This blog is written by Canadian journalist Donna Laframboise. Posts appear Monday, Wednesday & Friday.
SPOTLIGHT: Journalistic professionalism evaporates in front of our eyes.
BIG PICTURE: When historians document the demise of the mainstream media, an article published this week by the New York Times will make an excellent case study. Titled “Climate Change Denialists Say Polar Bears Are Fine. Scientists Are Pushing Back,” it’s written by Erica Goode who isn’t just any journalist. She’s a former Environment Editor of the Times. In 2009, she “founded and led a cluster of reporters dedicated to environmental reporting.” Currently, she’s a visiting professor at Syracuse University.
Out here in the real world, a debate exists about polar bears. Will they be adversely affected by climate change or will they continue to adapt as they have historically?
Since the future hasn’t yet arrived, it’s impossible to know whose opinions will turn out to be correct. But rather than presenting a range of perspectives to her readers, Goode takes sides. Apparently clairvoyant, she knows that experts concerned about the long term prospects of polar bears are correct. She knows that dissenting voices are wrong. No other possibility is conceivable within the confines of her exceedingly narrow mind.
She doesn’t tell us that researchers with significant academic records and decades of experience can be found on both sides of this question. Instead, in the first sentence of her article, Goode negates all possibility that a legitimate debate might be in progress. Climate “denialists,” she declares, are “capitalizing” on the iconic status of polar bears “to spread doubts about the threat of global warming.”
Goode knows the dissenters are playing politics. She knows their motives are profane. With a wave of her hand, she thus relieves herself of the obligation to take seriously these alternative viewpoints.
People who think polar bears are currently doing well – a separate question from how they might fare in the future – are similarly labeled “climate denialists” by Goode in paragraph four. Individuals on the other side of the fence, meanwhile, are portrayed as “real experts” and “mainstream scientists.”
Last November, a shocking paper was published online. It has now appeared in the print edition of the journal BioScience. Titled “Internet Blogs, Polar Bears, and Climate Change Denial by Proxy,” the PDF version fills five pages of text, followed by two pages of references. This is an assault by a gang of 14 authors on an individual scholar.
The target is Susan Crockford, a Canadian zoologist and adjunct professor with more than 35 years experience in her field. As the author of PolarBearScience.com, Crockford performs a public service. She encourages us to look past activist spin and media hype. Not everything we’re told about polar bears, she says, rests on a solid foundation.
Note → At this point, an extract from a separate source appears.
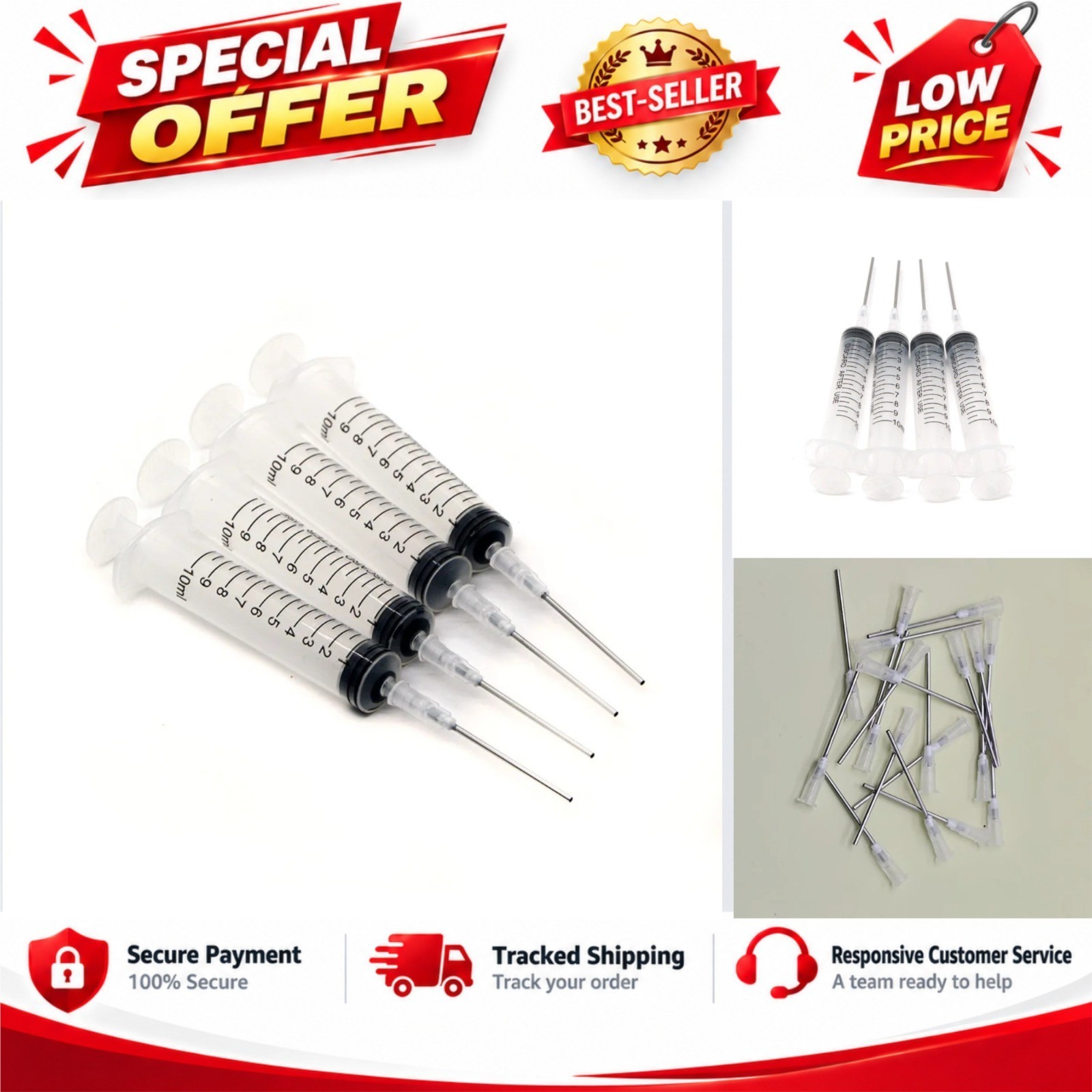 4pc 10ml Ink Refill Syringe Kit with 16G Needle for Epson HP Canon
While it’s appropriate for these 14 people to challenge Crockford’s assertions, their tone is anything but scholarly. This is five pages of name-calling. PolarBearScience.com is labeled a “denier blog” at the outset. So are online venues that cite Crockford’s work. The term ‘denial’ is used 9 times. ‘Denier’ 18 times. ‘Deniers’ 12 times.
The entire exercise is brazenly political. This paper sends a message to everyone else: think twice before departing from the polar bear party line. Our ugly gang of bullies will come looking for you next.
How does Goode present these events? Is 14 against one viewed as a tad unsporting? Does anyone in her article express astonishment that a naked political screed somehow got published in a peer-reviewed academic journal? Is free inquiry lauded? The importance of vigorous scientific debate championed?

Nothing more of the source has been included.